▸ **TASK GOAL**: Go through the material and return every line that contains the string "space".

[[ TASK INPUT open ]]

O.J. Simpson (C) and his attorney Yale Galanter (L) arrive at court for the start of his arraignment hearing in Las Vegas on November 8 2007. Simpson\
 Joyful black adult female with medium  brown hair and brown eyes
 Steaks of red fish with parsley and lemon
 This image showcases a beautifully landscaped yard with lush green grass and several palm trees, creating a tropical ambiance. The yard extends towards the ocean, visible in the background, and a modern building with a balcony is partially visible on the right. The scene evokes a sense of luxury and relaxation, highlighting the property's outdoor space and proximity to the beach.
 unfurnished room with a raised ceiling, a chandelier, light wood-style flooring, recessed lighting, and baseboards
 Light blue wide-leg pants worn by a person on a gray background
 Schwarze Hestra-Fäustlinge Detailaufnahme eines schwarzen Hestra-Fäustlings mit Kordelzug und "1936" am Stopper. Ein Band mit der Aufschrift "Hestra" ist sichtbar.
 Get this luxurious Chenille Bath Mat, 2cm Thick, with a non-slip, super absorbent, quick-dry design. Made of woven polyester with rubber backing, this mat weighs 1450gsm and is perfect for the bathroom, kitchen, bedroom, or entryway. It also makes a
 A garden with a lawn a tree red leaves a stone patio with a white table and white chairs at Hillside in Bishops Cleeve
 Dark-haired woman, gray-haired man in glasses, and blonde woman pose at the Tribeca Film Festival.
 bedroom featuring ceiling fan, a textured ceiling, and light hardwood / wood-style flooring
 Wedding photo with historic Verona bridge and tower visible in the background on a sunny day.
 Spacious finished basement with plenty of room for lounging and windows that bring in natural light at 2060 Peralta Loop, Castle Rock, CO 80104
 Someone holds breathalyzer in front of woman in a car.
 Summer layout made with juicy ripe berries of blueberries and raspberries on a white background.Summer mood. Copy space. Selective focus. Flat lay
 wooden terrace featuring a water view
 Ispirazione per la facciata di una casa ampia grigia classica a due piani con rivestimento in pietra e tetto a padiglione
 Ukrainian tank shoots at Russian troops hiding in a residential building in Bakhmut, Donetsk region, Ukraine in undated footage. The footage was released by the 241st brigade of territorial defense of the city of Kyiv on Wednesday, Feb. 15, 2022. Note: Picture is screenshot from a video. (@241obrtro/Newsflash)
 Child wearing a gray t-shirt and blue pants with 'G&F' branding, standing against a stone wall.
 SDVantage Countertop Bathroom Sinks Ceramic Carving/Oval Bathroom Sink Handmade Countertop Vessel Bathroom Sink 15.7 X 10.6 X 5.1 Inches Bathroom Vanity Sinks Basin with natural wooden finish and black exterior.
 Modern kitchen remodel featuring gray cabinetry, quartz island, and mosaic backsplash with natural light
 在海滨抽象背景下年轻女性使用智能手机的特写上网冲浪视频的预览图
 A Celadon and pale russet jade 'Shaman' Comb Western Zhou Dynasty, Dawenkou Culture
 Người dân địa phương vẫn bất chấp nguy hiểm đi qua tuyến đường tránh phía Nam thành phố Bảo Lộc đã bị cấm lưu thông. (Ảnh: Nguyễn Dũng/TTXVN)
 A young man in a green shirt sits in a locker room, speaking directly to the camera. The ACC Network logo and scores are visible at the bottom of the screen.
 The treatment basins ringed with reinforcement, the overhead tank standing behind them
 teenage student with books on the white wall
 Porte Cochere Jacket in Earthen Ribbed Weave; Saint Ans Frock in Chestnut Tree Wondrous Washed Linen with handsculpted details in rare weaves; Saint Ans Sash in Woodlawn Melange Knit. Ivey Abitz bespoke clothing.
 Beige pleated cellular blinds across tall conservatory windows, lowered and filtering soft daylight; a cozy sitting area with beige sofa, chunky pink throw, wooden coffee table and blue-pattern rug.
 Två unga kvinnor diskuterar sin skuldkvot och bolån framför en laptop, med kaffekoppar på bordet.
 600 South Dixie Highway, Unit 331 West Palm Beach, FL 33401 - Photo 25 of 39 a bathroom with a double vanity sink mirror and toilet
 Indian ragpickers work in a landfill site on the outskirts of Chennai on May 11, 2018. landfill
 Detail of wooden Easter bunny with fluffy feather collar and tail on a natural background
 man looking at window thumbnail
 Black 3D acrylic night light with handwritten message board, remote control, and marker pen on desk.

[[ TASK INPUT closed ]]

▸ **OUTPUT OF THE EXERCISE**:
 This image showcases a beautifully landscaped yard with lush green grass and several palm trees, creating a tropical ambiance. The yard extends towards the ocean, visible in the background, and a modern building with a balcony is partially visible on the right. The scene evokes a sense of luxury and relaxation, highlighting the property's outdoor space and proximity to the beach.
 Summer layout made with juicy ripe berries of blueberries and raspberries on a white background.Summer mood. Copy space. Selective focus. Flat lay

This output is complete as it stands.